Christians, in interviews, voiced suspicion of the intentions of Muslims and associated them with the taint of terrorism. The state attorney general, Edward Pwajok, a Christian, said that on Wednesday morning he had prosecuted a Nigerian Muslim man living in a Jos suburb who had “acknowledged” being “a member of Al Qaeda.”
Mr. Pwajok said there was no indication that the man, Samsudeen Sahsu, was connected to the killings; he said DVDs of Al Qaeda’s activities had been discovered in the man’s home. The group is not previously known to have penetrated Nigeria, though Mr. Sahsu, in a written confession provided by the attorney general, named other members of the “AlKaida Islamic Association.”
He said the headquarters were in Maiduguri, where last summer a radical Islamic sect, Boko Haram, was bloodily suppressed by Nigerian security forces.
“Suspicion is still rife,” the state police commissioner, Ikechukwu Aduba, said in an interview in his office in Jos. “We are appealing to the youth to sheath their swords and give peace a chance.”
Mr. Aduba sharply disputed the elevated death toll reported by others, saying that the police could confirm only 109 deaths.
But a Nigerian Red Cross official in Jos, Adeyemo Adebayo, deputy head of disaster management, said that the number of dead was “possibly” even greater than the 332 buried in the mass grave, since many fled into the bush and could have been cut down there by their attackers. A respected Nigerian human rights group, the Civil Rights Congress, said Monday that its members had counted 492 bodies.

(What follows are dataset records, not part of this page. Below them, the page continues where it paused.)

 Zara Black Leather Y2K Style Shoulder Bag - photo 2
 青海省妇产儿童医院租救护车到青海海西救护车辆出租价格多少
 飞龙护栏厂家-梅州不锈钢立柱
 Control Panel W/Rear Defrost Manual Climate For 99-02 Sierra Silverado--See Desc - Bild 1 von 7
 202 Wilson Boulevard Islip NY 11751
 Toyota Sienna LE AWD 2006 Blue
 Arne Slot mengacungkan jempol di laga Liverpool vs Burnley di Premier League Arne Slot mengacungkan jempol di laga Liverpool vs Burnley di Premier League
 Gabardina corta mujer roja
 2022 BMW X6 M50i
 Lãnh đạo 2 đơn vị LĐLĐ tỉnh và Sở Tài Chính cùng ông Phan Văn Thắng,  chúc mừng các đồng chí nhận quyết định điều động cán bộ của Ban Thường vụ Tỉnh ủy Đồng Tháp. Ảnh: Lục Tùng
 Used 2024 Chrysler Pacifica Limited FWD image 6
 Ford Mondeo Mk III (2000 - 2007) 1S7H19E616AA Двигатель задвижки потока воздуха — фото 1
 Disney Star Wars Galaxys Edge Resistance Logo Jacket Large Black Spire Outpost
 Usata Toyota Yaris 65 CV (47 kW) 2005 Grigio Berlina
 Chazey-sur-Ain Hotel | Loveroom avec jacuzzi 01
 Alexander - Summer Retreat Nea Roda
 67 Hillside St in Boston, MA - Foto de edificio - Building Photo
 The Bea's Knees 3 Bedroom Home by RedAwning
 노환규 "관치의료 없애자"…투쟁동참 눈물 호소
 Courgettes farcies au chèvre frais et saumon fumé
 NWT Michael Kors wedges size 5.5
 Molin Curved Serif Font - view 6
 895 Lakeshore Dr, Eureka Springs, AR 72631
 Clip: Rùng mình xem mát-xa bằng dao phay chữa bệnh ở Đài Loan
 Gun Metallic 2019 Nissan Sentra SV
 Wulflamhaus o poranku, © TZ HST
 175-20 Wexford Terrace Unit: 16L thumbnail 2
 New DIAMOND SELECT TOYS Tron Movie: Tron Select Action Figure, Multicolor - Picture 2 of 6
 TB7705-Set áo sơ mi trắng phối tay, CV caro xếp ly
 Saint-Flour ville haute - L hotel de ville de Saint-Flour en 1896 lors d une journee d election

Their attackers had come on foot from nearby villages and had made no preparations for a getaway, said Adebola Hamzat, chief superintendent of the Jos police. “Many of them were still running around,” he said, when they were picked up by the security forces. And many were carrying “cutlasses” — long lethal-looking knives that the police produced for visitors on Wednesday — still stained with blood, he said.
“The person was coming toward me; I killed him with a cutlass,” said the young man next to Mr. Adamu, Zakaria Yakubu, 20, insisting that he was defending a fellow Fulani who had been shot. His victim “did not die right away,” Mr. Yakubu said. “When we got to Dogo Na Hawa, we were just looking for our cattle.” He was clutching some bread distributed by the Red Cross.
Next to him, Ibrahim Harouna, also 20, would say only that he had “killed some of the people’s pigs,” though the police said he was also suspected of having taken part in the killings.
On Wednesday, the mood in Jos was tense among Muslim traders, who complained of a sharp drop in business, and it was anything but forgiving among Christians. They complained that Muslims wanted to supplant “indigenes” — Christians long native to the region.
“Some people want to be rulers everywhere,” said Yohanna Yatou, a businessman. “It’s the Muslims. They said they are born to rule.” Williams Danladi said that Muslims “believe that if they die during this war, they will go to heaven.”
“We Christians, we don’t believe this,” he said.
Others expressed puzzlement and exasperation with the never-ending conflict. “This is a Christian, an indigene,” said Moussa Ismail, pointing to his friend sitting next to him on a downtown stoop, Jacob Ayuba. “We have done business for more than 20 years. How would I attack him?”